(Captioned web images)
────────

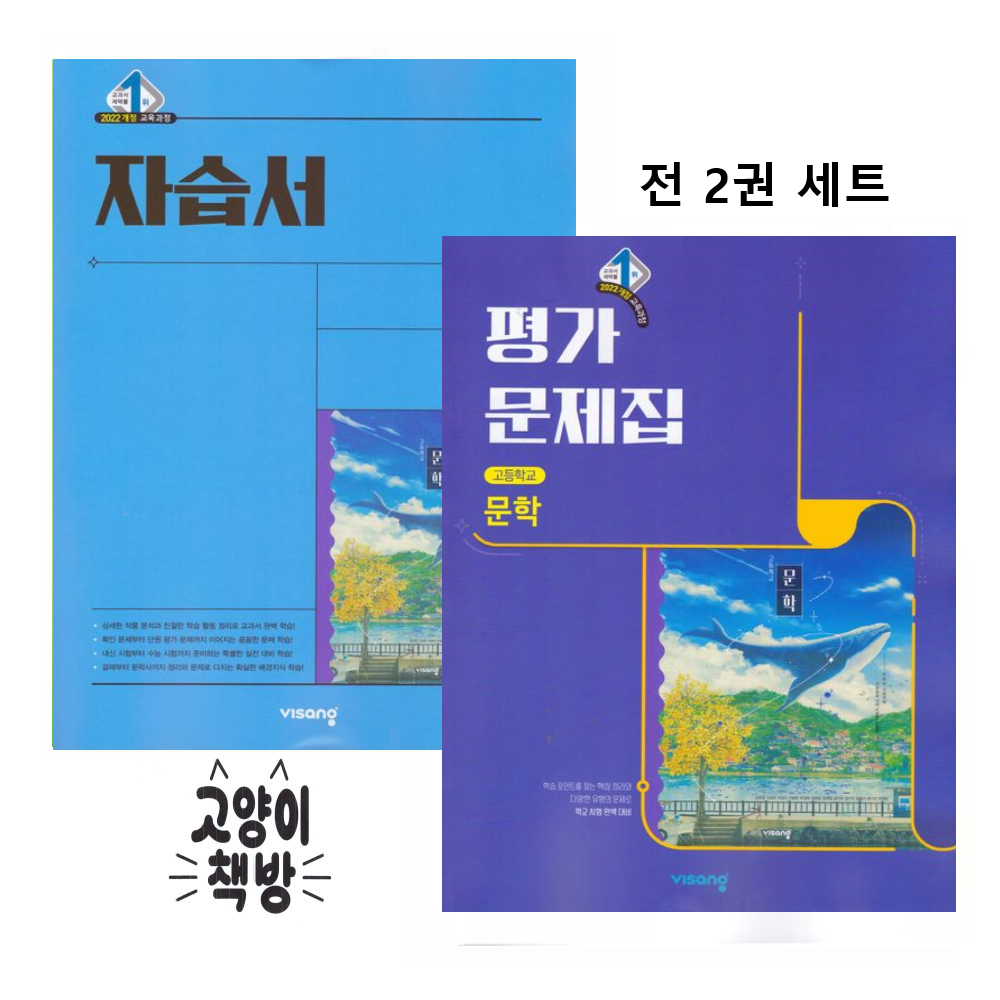 비상 고등 문학 자습서+평가문제집 세트 2권세트 강호영 외 (2022개정 고2 적용)(2412178)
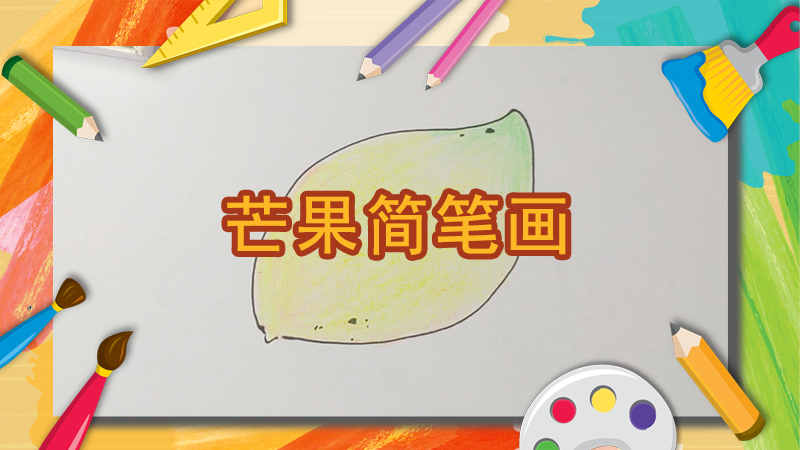 新年手抄报的画法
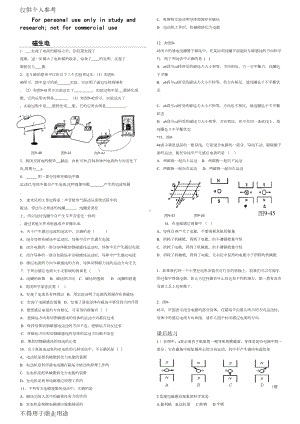 初中物理磁生电练习题(DOC 6页).doc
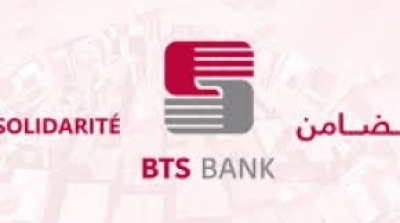 La Banque Tunisienne de Solidarité lance son nouveau produit " BTS Leasing "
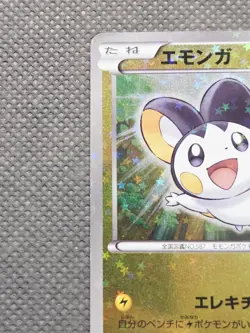 Emolga 006/021 Full Holo Rare (2011) BTV: Victini Battle Deck Pokemon TCG - Image 3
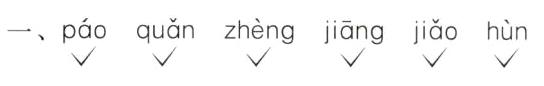 一pozhngqunjiohniijiang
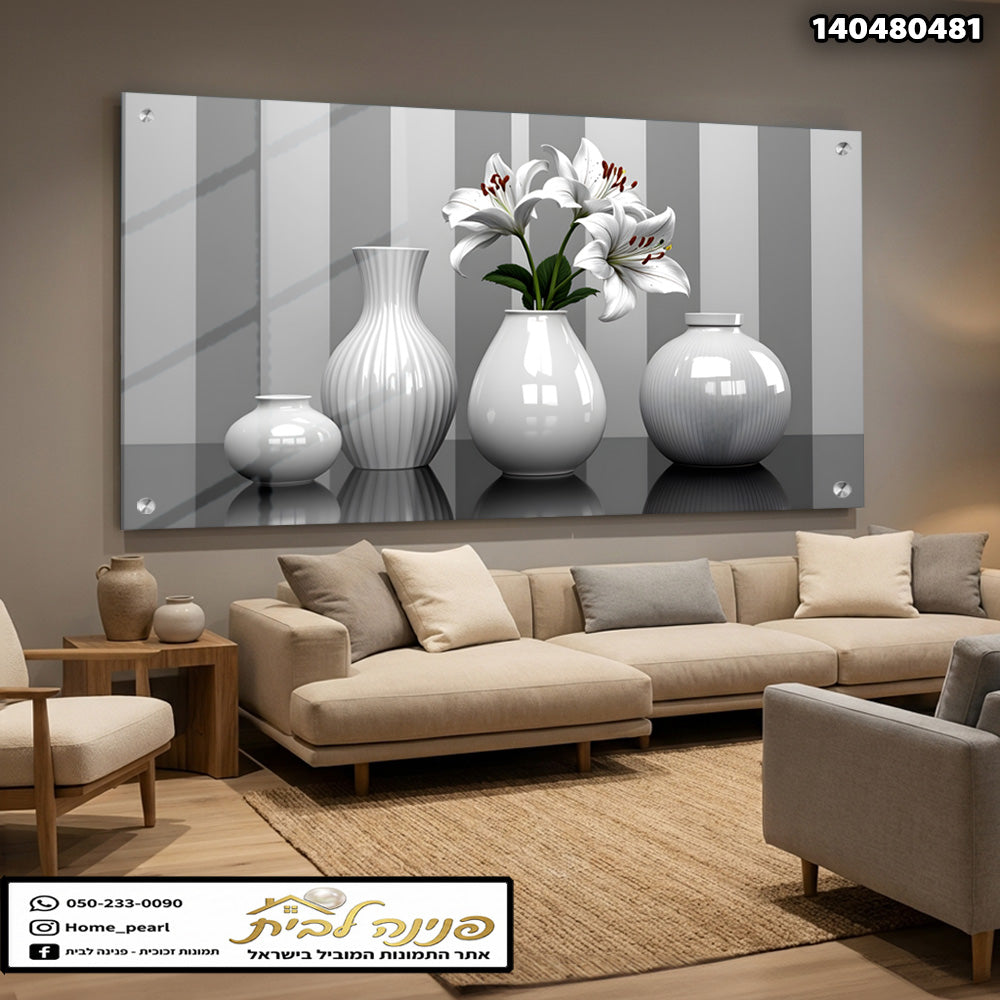 תמונה של vase בעיצוב מודרני - תמונות לבית - גווני אפור ולבן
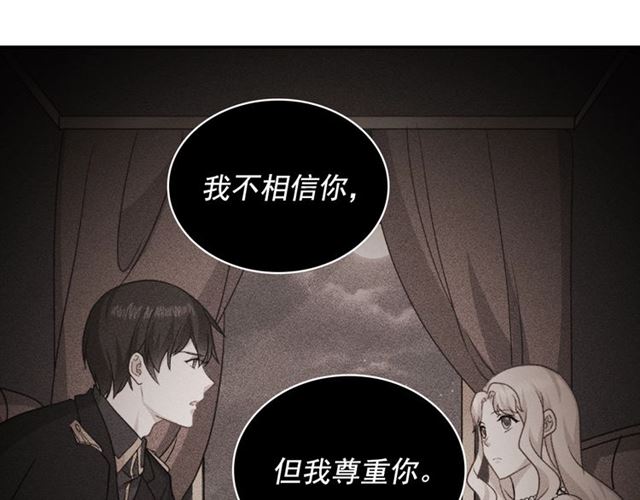 恶女的定义韩漫全集-第60话 你的目标无删减无遮挡章节图片 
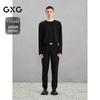 GXG Men's Black Slim Fit Thermal Casual Pants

────────

Write out exactly, and only, the lines running from the line with "La Banque Tunisienne" to the last line above, both included, with all pictures omitted.

 La Banque Tunisienne de Solidarité lance son nouveau produit " BTS Leasing "
 Emolga 006/021 Full Holo Rare (2011) BTV: Victini Battle Deck Pokemon TCG - Image 3
 一pozhngqunjiohniijiang
 תמונה של vase בעיצוב מודרני - תמונות לבית - גווני אפור ולבן
 恶女的定义韩漫全集-第60话 你的目标无删减无遮挡章节图片 
 GXG Men's Black Slim Fit Thermal Casual Pants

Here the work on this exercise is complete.